Archives For Great Commission

Taking the risk

ib2newseditor —  November 17, 2016

Serving Christ has always been dangerous. He said it would be. Now, even telling the stories of missionaries puts them in danger.

London | We can’t tell you their names. We can’t tell you where they live. We can’t really even tell you where they work. They are missionaries.

Times have changed. We all know social and cultural values have recently experienced massive upheavals in western nations. Religion has played a major role in these changes. Missions work is no longer tolerated in places it once was. Working to fulfill the Great Commission can no longer be done so openly.

We can’t tell you their names. We can’t tell you where they live. We can’t really even tell you where they work. They are missionaries.

Coinciding with these cultural shifts are changes within the Southern Baptist Convention’s largest missions sending agency. The International Mission Board (IMB) is adapting the way it does missions. When IMB President David Platt stepped into the role in 2014 he soon discovered the agency was facing a budget overspend of more than $200 million. Personnel costs would have to be greatly reduced with action being taken quickly. With a major and largely voluntary staff reduction in 2015, going from nearly 5,000 missionaries and staff to 3,800, IMB expects have a balanced budget in 2017.

The changes included cutting most of the communications team serving in Richmond, and replacing them with a small team of young communication specialists stationed at points all around the world. With them comes new strategies for engaging Southern Baptists with missionaries that take into account the risky business of gospel witness.

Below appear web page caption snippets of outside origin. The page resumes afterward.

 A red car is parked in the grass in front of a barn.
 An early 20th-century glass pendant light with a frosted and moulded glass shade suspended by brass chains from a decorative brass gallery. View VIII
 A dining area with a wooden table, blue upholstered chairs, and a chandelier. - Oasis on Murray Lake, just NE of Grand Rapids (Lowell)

Not your mother’s mission magazine
You may have noticed the stories about IMB missionaries have changed. Remember Commission magazine, with its glossy photos and National Geographic style? Today’s mission stories are not written in a long, detailed format anymore. We don’t often see photographs of missionaries’ faces. The name of the countries where they serve may not be reported. There is a good reason for this. A very good reason.

horse-and-rider

SHADOW AND LIGHT – This photo from IMB’s
Instagram account shows their new communication strategy: show the missions concept, but protect the identity of the missionary. Posted with the photo is a brief message from the missionary: “Pray for God to provide me with a teammate willing to work in rough, remote places so we can reach the mountain shepherd people.”

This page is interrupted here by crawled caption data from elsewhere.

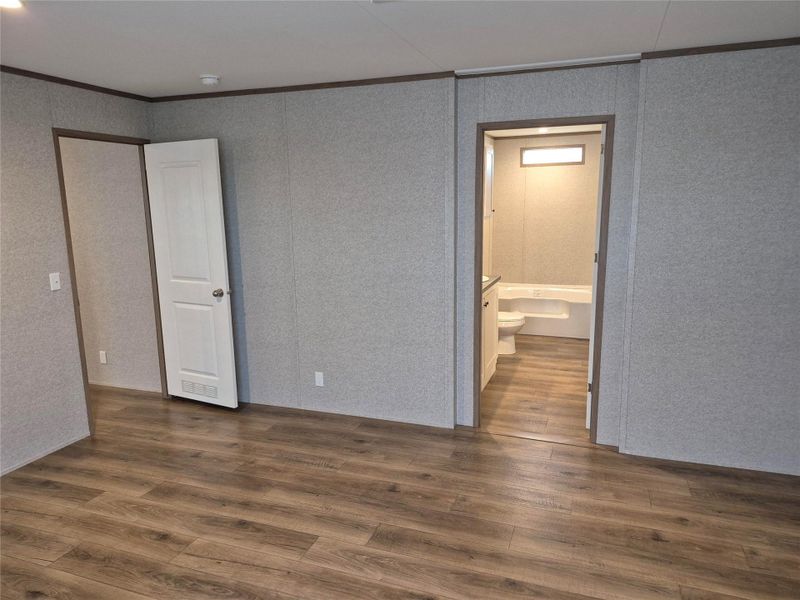 Unfurnished bedroom featuring ensuite bathroom, dark wood-type flooring, and crown molding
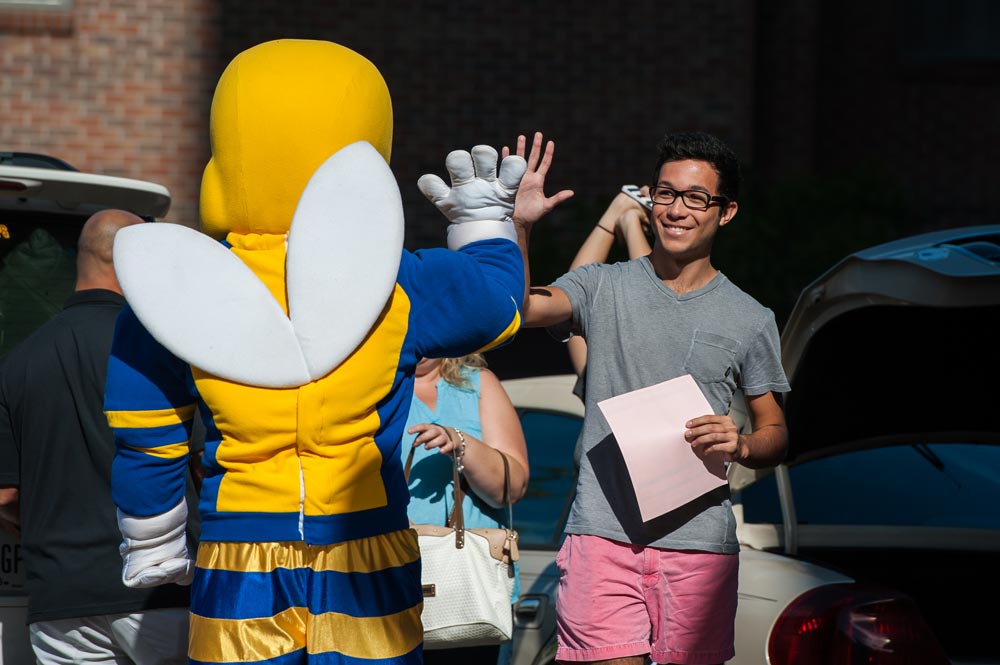 student gives high-five to Rocky mascot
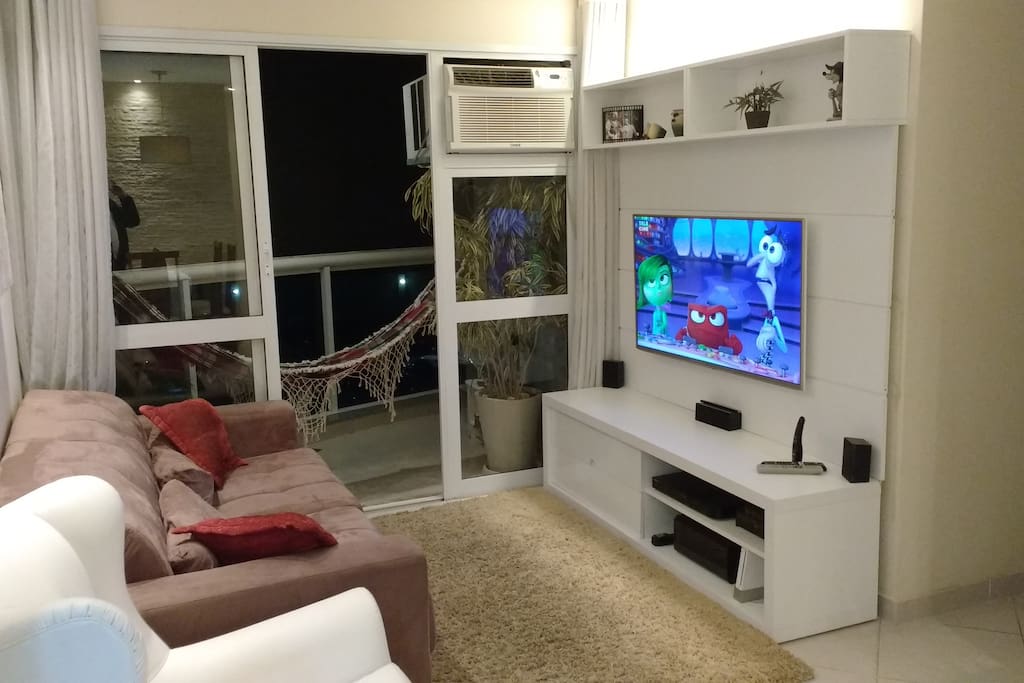Sala aconchegante, em dois ambientes, c/ ar condicionado, sofá retrátil, poltrona balanço, SmarTV 49`, TV a cabo e Internet Wi-Fi. ---- Living/Dinner Room w/ air conditioner, retractable couch, swing armchair, cable TV and Wi-Fi Internet.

Almost a dozen state Baptist convention newspaper editors met with members of the Board’s media network in London recently. The chief topic was security concerns.

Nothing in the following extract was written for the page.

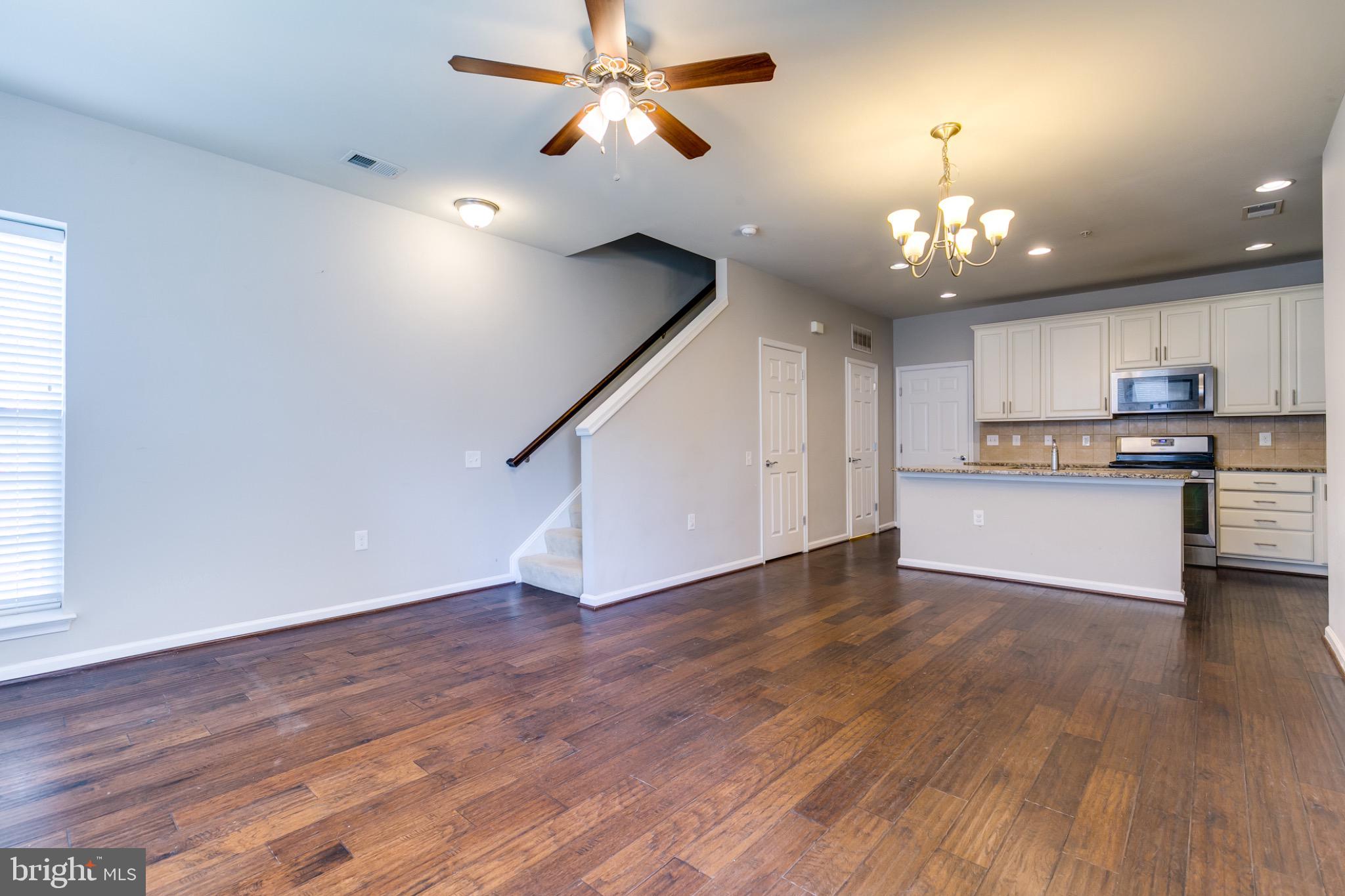20581 Geddes Terrace Ashburn, VA 20147 - Photo 4 of 37 an empty room with wooden floor ceiling fan and kitchen view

“There’s spiritual warfare on the front lines,” a member of the media team shared. “A battle is going on against the spread of the gospel.”

For example, one missionary took all the necessary precautions. But when a photo that had been taken years earlier was found online it led to his undoing. Somehow a person in the country where the missionary was serving connected it with some other information online to learn the missionary’s true identity. It almost cost him his life.

He walked, unsuspecting, into a meeting and found the atmosphere was charged with anger. People once friendly were now menacing as they kept him there for hours shouting, “Is this you? Did you say this?” When he was finally allowed to leave, he gathered his family and they fled the country. His identity had been compromised and it was no longer safe for them to continue to spread the gospel message in that country.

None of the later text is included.